Miller Capps, 17, of Denver, N.C., made a 20-foot birdie putt to win the first hole, and then the 16-year-old Hossler, of Mission, Viejo, Calif., found trouble on the next three – with back-to-back double bogeys on Nos. 2 and 3 and a bogey on the fourth hole. After four holes, Hossler found himself 4 down.
“I was like, ‘Are you kidding me?’ ” said Hossler. “It would be something else if he birdied every hole, but I was just handing him holes by hitting it out of play on a wide-open golf course, and you just can’t do that.”
But Hossler, who played in last month’s U.S. Open, wasn’t overly concerned.
“Once I was 4 down, I wasn’t afraid of losing more holes,” said Hossler. “I knew I was going to make birdies because I have been making birdies all week. I was just waiting for it and I kind of felt it click a little bit on that par-3 tee shot on 5.”

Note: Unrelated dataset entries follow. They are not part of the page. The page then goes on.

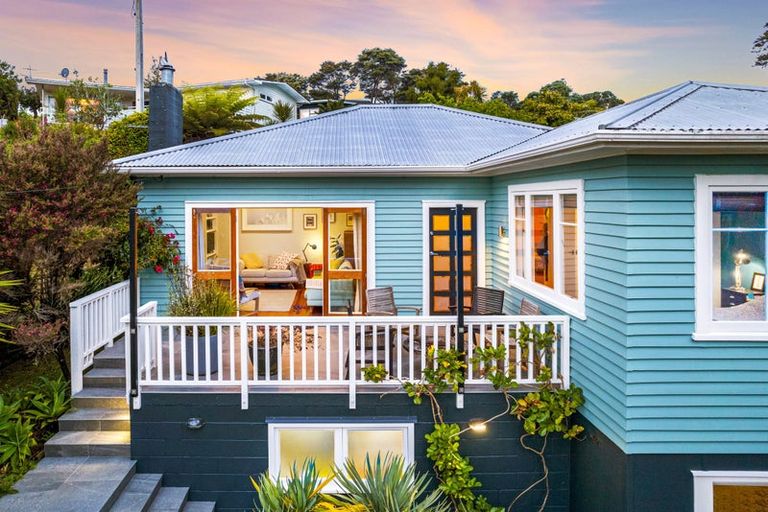 Photo of property in 18 Derwent Crescent, Titirangi, Auckland, 0604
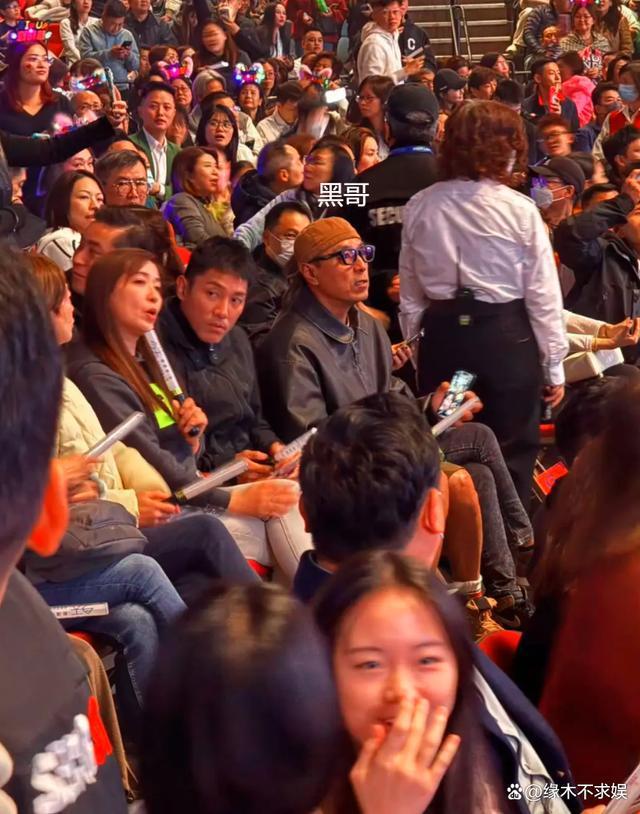 刘德华红馆演唱会第七天：干儿子捧场，舞伴赖文慧黑眼圈好重！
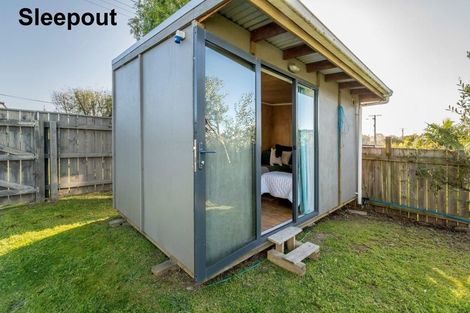 Photo of property in 35 Rauparaha Street, Waikanae Beach, Waikanae, 5036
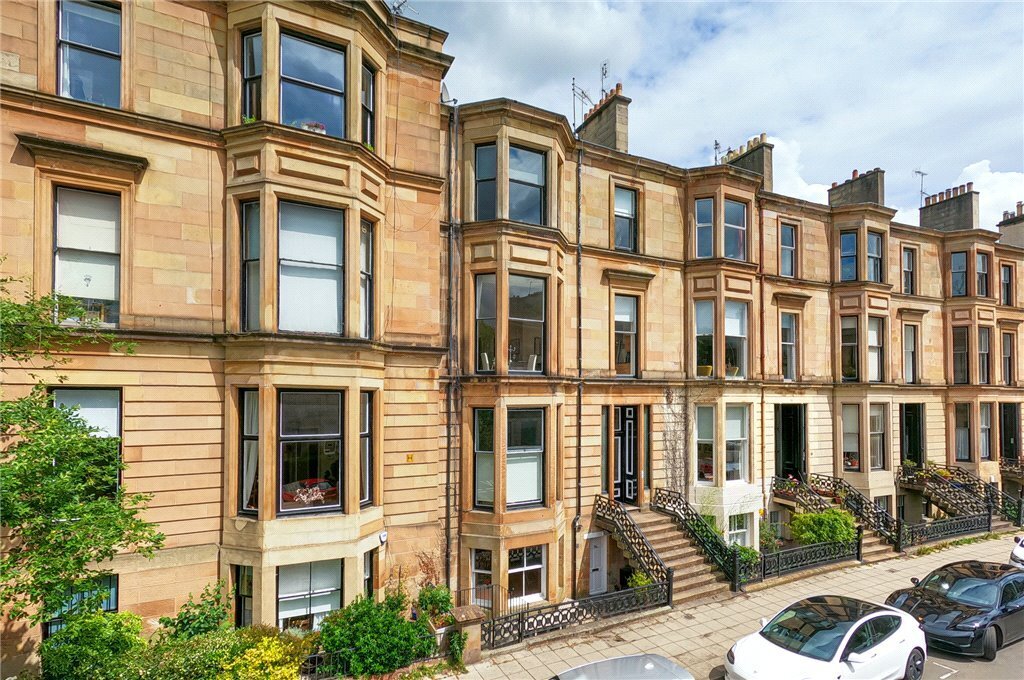 2 bedroom apartment for sale in Dowanside Road, Dowanhill, Glasgow, G12
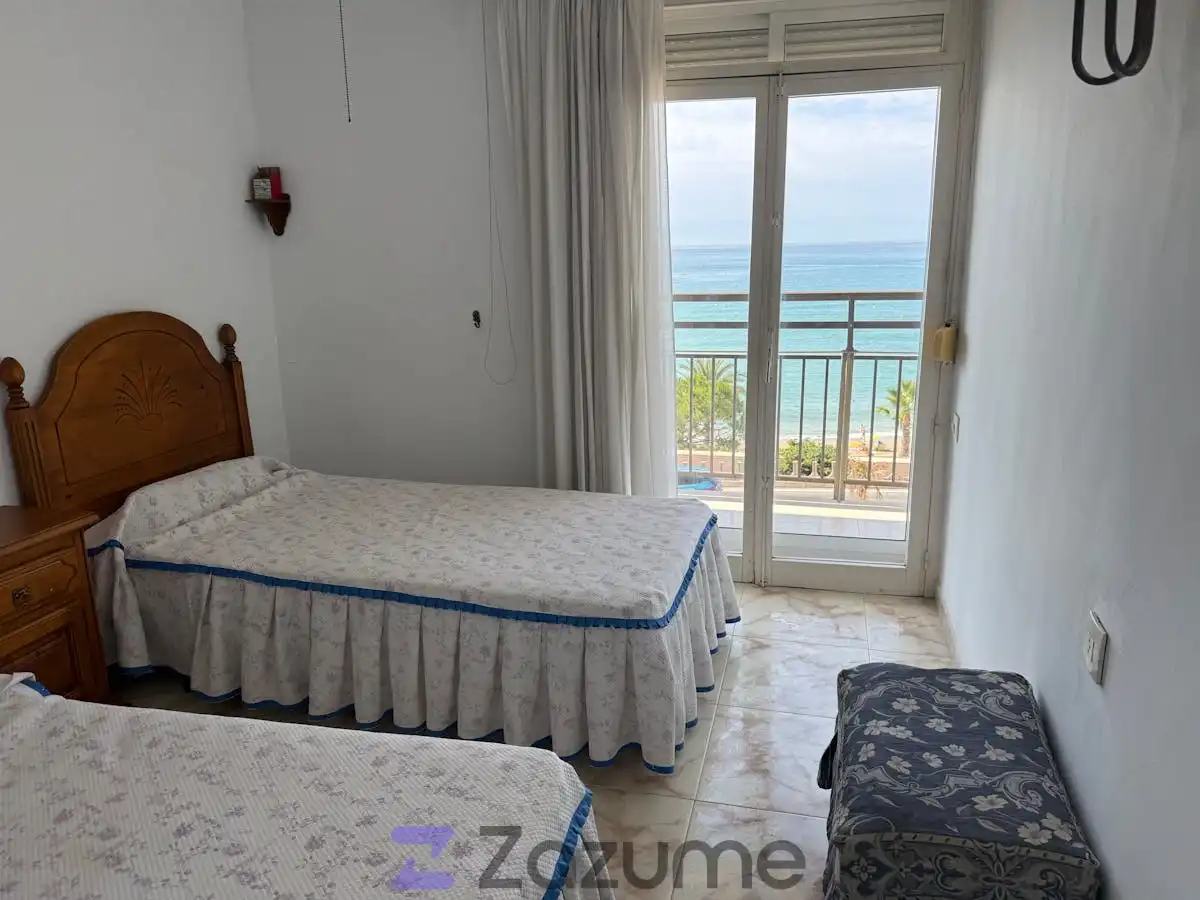 Schlafzimmer von Wohnung zur Miete in Alicante / Alacant mit Klimaanlage, Terrasse und Möbliert
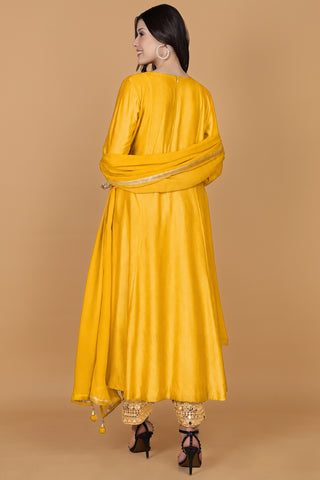 YELLOW MUSTARD SELF KATAN KURTA AND PANT WITH MIRROR WORK AND GEORGGETTE DUPPATTA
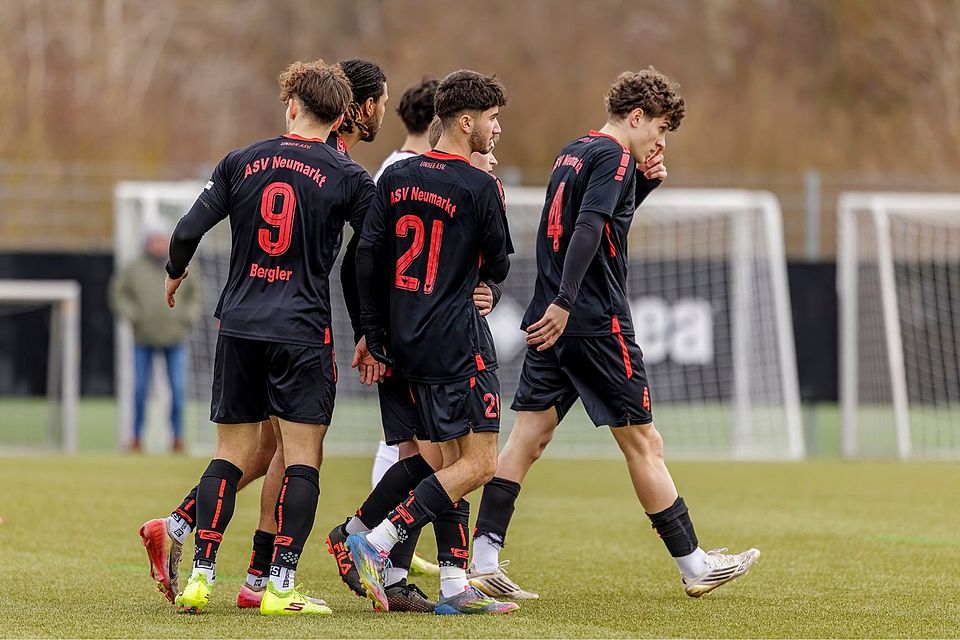 Bayernliga-Spitzenreiter ASV Neumarkt duelliert sich am Abend mit Zweitligist SpVgg Greuther Fürth.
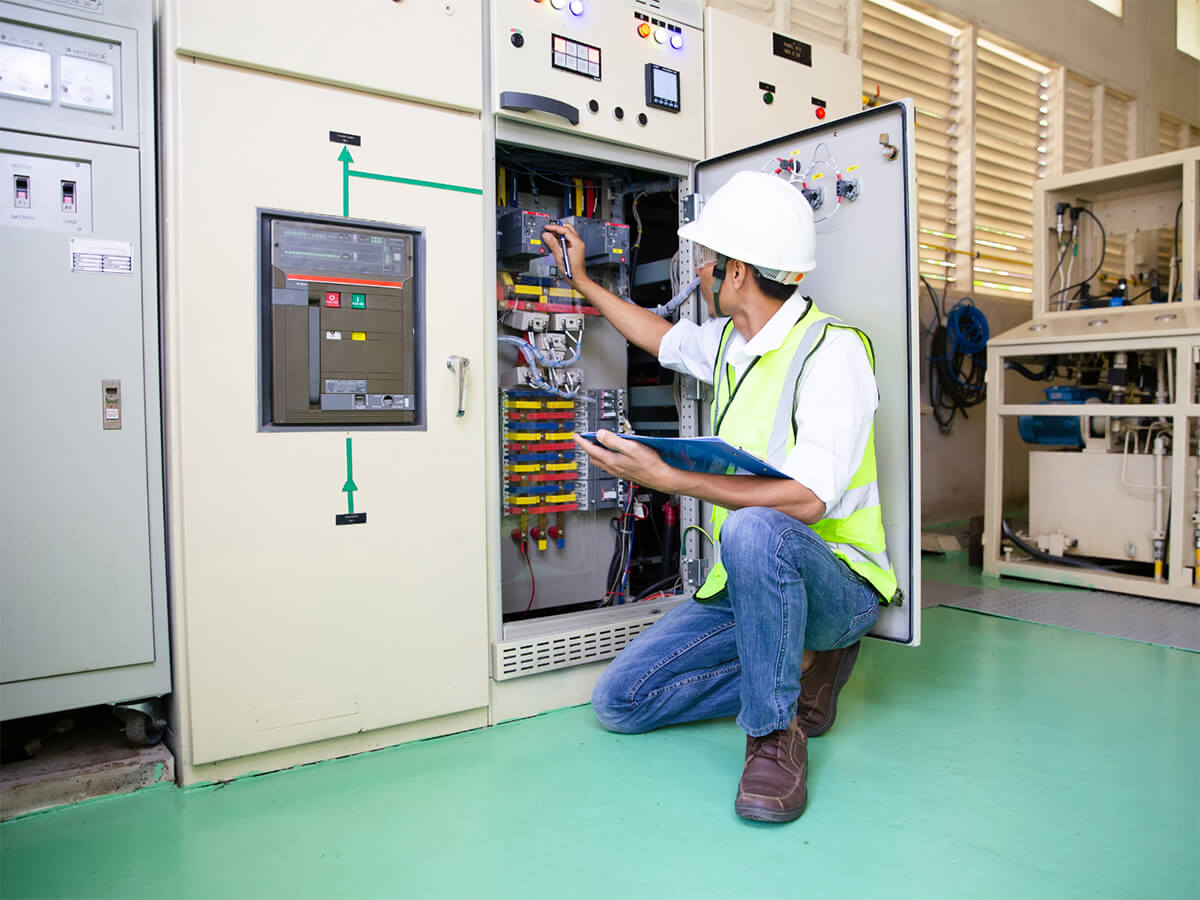 Servis a kontrola elektrického rozvaděče v průmyslovém technologickém provozu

Hossler hit that tee shot to 12 feet and birdied the hole to cut the deficit to 3 down. He went on to make six more birdies en route to a 3-and-2 victory.
“I played all right but I didn’t play good enough,” said Capps, who had earned the last spot in match play via a playoff Tuesday. “It’s hard to stay up when they start making birdies like that.”
The U.S. Junior Amateur field continues with the second and third rounds of match play Thursday. The quarterfinal and semifinal matches will be played Friday and the 36-hole championship final will be played Saturday.
Beau Hossler tees off against fellow Californian Austin Smotherman at 7:30 Thursday morning in the Round of 32.